Ms. Doom and Gloom and her sister tiny dancer.

Not that I care what you think, but it's a book about sex.

Well... color me interested.

A book about sex and an outfit that doesn't scream "hate me."

Does little Bradshaw have a man?

You do. Good for you.

What's your name again?

Dorrit.

Funny name. You can carry it though.

Thanks.

So you're all dolled up for your new man.

Are you seeing him tonight?

I'm not dressing like this for him.

Why not? I always change for the guys I'm with.

I once went goth for three weeks for this one guy, but it was a horrible look for me.

Take my advice.

Boobs and an army jacket do not work.

So what guy are you wearing that bag for?

The coach bag is for me because it is gorgeous.

Oh.

Doesn't changing for a guy kinda make you a little pathetic?

Like you're giving away your power or something?

You're not giving up control. You're taking control.

Relationships are transactions.

I give you cleavage and legs up to here.

You buy me dinner.

I give you sex. I take... (Laughs) Well, everything.

Circle of life.

But isn't giving it up, well, giving it up?

In my experience, it's the opposite.

Once they have sex with you, they're hooked.

Yeah, I think that's probably just for you.

Maybe. Sex is fun. It isn't love.

Just remember that, and you will be fine.

And be safe. We don't need any more curly haired crazies running around this town.

Agreed.

Smart girl.



Got you a little present.

Did you have to do anything illegal to get me that?

Do you really wanna know? Not if I'll have to testify.

Look, I'm really sorry about leaving you alone.

I mean, I'm the one who dragged you to this party. All my friends are here. You don't know anyone.

Are you kidding? I had my Scottish friend here to keep my company.

I know. I just hate being taken to parties where I don't know anyone, and I didn't want you to feel that way.

You know?

Carrie, I wouldn't feel that way if you didn't keep bringing it up.

Seriously, it's fine. I'm not afraid to be on my own.

So can we drop it?

Yeah. Sure. Okay.

Now what do you say we stop with all the apologies and worrying and go have fun?

Yeah. Sounds good.

(Sets down glass)

Still sorry, though.

(Whispers) Stop it.

And while I led Sebastian into the V.I.P. area,my dad was being led somewhere exclusive as well.

And... this is my bedroom.

I used to have a waterbed until my son decided to jump on it wearing his cleats.

(Chuckles) Waterbed, huh?

I always wanted to sleep on one of those.
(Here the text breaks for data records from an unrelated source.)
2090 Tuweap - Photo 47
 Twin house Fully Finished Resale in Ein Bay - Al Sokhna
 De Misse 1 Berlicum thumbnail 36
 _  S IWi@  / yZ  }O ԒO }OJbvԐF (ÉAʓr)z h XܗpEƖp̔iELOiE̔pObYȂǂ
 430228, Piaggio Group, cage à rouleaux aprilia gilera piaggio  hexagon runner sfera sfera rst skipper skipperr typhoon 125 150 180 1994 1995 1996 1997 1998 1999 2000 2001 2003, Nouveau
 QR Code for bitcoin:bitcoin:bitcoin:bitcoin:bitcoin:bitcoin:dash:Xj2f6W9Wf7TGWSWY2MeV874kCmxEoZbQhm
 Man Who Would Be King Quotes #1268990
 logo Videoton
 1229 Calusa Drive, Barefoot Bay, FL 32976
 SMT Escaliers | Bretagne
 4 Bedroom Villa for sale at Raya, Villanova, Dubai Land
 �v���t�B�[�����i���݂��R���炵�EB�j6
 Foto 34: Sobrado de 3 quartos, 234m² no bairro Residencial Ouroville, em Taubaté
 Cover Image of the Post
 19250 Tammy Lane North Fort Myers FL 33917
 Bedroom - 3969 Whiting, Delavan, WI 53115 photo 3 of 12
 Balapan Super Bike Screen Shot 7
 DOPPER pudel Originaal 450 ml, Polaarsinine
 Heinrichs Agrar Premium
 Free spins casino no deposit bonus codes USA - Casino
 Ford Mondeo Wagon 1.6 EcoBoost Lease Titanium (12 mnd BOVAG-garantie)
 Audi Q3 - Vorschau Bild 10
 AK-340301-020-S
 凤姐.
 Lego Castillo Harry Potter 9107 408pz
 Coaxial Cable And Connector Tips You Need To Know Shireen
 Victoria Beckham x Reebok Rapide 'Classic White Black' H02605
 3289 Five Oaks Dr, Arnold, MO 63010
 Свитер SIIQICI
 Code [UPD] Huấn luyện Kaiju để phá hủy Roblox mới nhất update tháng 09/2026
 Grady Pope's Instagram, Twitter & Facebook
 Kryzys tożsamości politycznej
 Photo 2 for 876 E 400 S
Well, how do you feel about a posturepedic, which is what I have now?

Posturepedic, huh?

That sounds...

So...

You know what? There's really no way to make that sound sexy, is there?

Not really.

Let's go back to talking about that waterbed.

That was more fun.

Uh... Wh-what are you doing?

I am totally reading this situation all wrong, aren't I?

Oh! I'm such an idiot. I never should've listened to Harlan...

Tom.

I'm kidding.

(Laughs)

Still an easy target, huh?

(Whispering) Yes.

Yeah.

Why are we still talking?

I could use another drink. You want anything, Bradshaw?

Oh, you don't have to do that. I can get the drink.

I can handle it. What do you want?

Surprise me. And when you get back, I promise we'll spend some time together, just the two of us.

Now that sounds amazing.

(Madonna's "borderline" playing)

Bennet, hey.

I can't talk right now, Carrie, okay?

I just found out Madonna's about to leave, which means this place is going to clear out in, like, four minutes, six tops.

And there's no after party.

There's always an after party.

The party will still be fun.

No, the party will be over.

O-v-e-r.

And I haven't even gotten all my quotes yet.

I-I thought there'd be more time, but there are just too many people for me to talk to myself.

Maybe you could help me.

Oh, I totally want to. Totally. But... I don't want to abandon Sebastian again.

I'm worried he might be a little pissed at me.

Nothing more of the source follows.